Recebi um mail curioso com o título “A minha pátria é a língua portuguesa”. É um desses emails que convidam a ir assinar uma petição que protesta contra qualquer coisa, desta vez sobre a implementação do novo acordo ortográfico da língua portuguesa.
Não sendo linguista nem especialista no assunto, tenho uma opinião. Bem, é óbvio que é uma opinião e mais nada, mas quem aqui vem já sabe que lê as minhas opiniões e que elas podem ser tão palermas como outras quaisquer. Ou não, sabe-se lá.
Pois bem, sobre esta matéria, devo dizer que acho um perfeito disparate de repente o português de Portugal (chamemos-lhe “europeu”, como também lhe podemos chamar “lusitano”; esta distinção só serve mesmo para isso, para o distinguir) se transformar-se em português do Brasil.
Atenção, não estou aqui a advogar a superioridade do português europeu (que, curiosamente, para mim está do “outro lado do Atlântico”) nem da inferioridade do português do Brasil. E sim, bem sei que é um acordo entre todos os países da CPLP, mas chamemos os bois pelos nomes: a questão cinge-se a – praticamente – só estas duas variantes, a portuguesa e a brasileira. Retomando, não estou a advogar a superioridade de uma em relação à outra variante. Apenas acho que não é por de repente em Portugal termos de escrever “úmido” sem “h” ou “fato” sem o “c” que os brasileiros nos vão entender melhor.
Separemos aqui as águas: um brasileiro que leia palavras como “adopção” sabe perfeitamente do que se trata, tal como um português que leia a palavra “adoção”. O que um brasileiro, regra geral, não entende é quando um português fala com o seu sotaque habitual: fechado e sibilante.
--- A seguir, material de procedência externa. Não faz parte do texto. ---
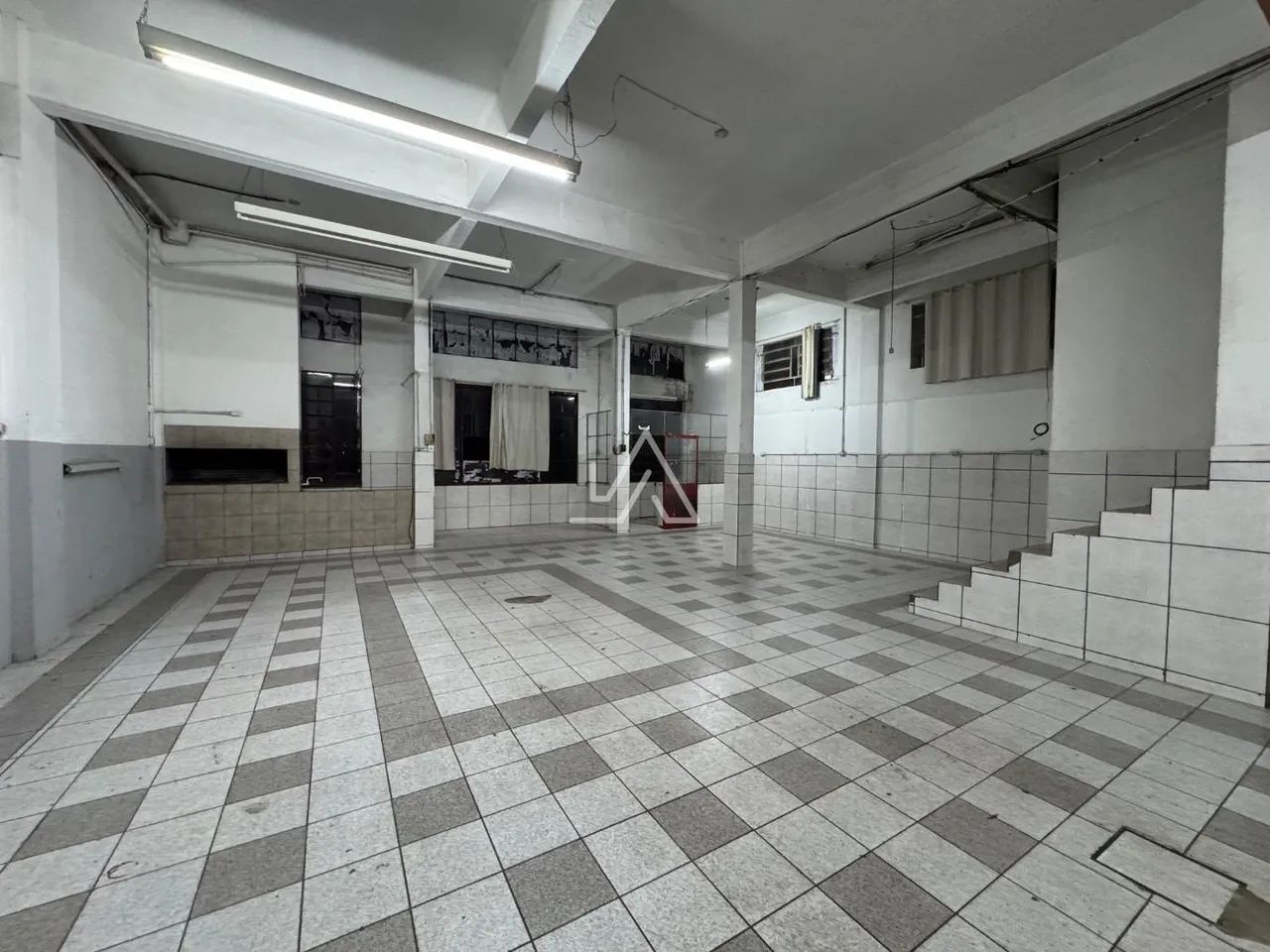PAVILHÃO NA RUA LAVA PÊS NO CENTRO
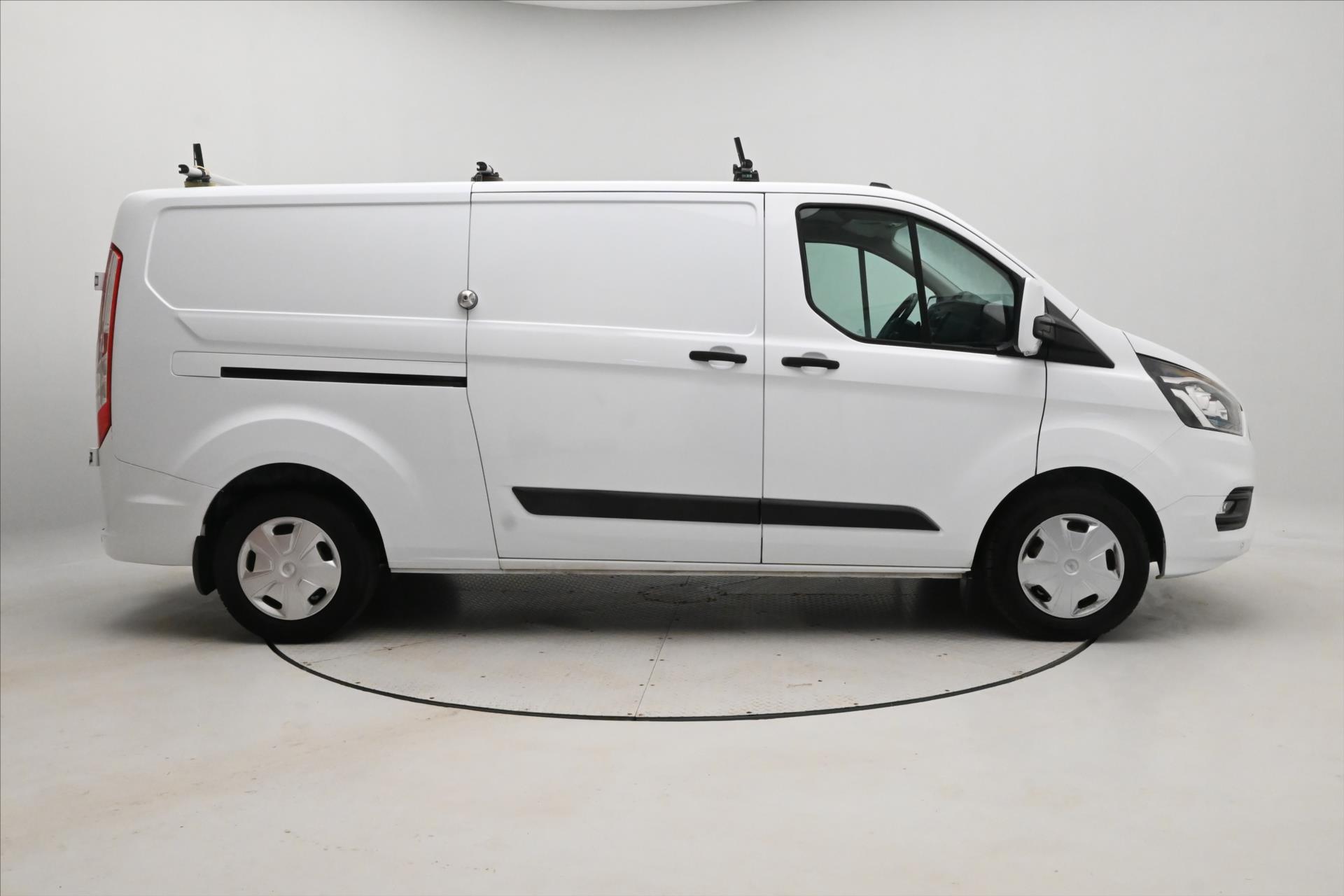 ford-transit-custom-2-0-ecoblue-96kw-l2h1-zaruka-az-5-let - 3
Ora o acordo não prevê a alteração da fonética, ou prevê? Ainda que preveja, lamento, mas não vou dizer “fato” quando quero dizer “facto”. Para mim são coisas bem diferentes.
A questão prende-se com a grafia (dado que é um acordo ortográfico). Hoje em dia há editoras em Portugal que escolhem “adaptar” para português europeu livros escritos originalmente em português brasileiro. No Brasil, o caso é igual. Para quê, se a grafia também confere carácter ao texto? Sobretudo sabendo que os falantes de cada uma das variantes nacionais reconhece a outra e entende perfeitamente o seu significado.
No fundo, tudo isto me parece apenas uma questão política: enquanto que Portugal tem pouco mais de 10 milhões de habitantes, o Brasil tem mais de 186 (dados da wikipedia; mesmo que não estejam correctos, o que não me parece, a diferença é sempre substancial). Que Portugal queira assinar um acordo ortográfico que muda a sua grafia para ficar igual à brasileira, para mim não passa de uma manobra política: assim todos falamos a mesma grande língua, sem variantes nacionais, dado que todos vamos escrever (oficialmente) da mesma maneira. É como ter um pequeno Portugal à frente de todos os outros países de língua oficial portuguesa. E não há muita paciência para revivalismos! A língua já é a mesma, com as variantes nacionais e regionais de todos os países que a partilham. A meu ver, estas variantes enriquecem a língua e estar a unificá-la, pelo contrário, empobrece-a.
Para mim, Portugal fazia bem melhor em aumentar a sua presença no Brasil, para deixarmos de ser todos Marias, Manéis, padeiros e parolos. E para ver se os brasileiros passavam a entender-nos quando falamos, tal como nós os entendemos a eles. E atenção: esta não é uma crítica à falta de ouvido dos brasileiros. É, sim, à incapacidade de Portugal de se representar culturalmente com força no estrangeiro, nomeadamente no Brasil.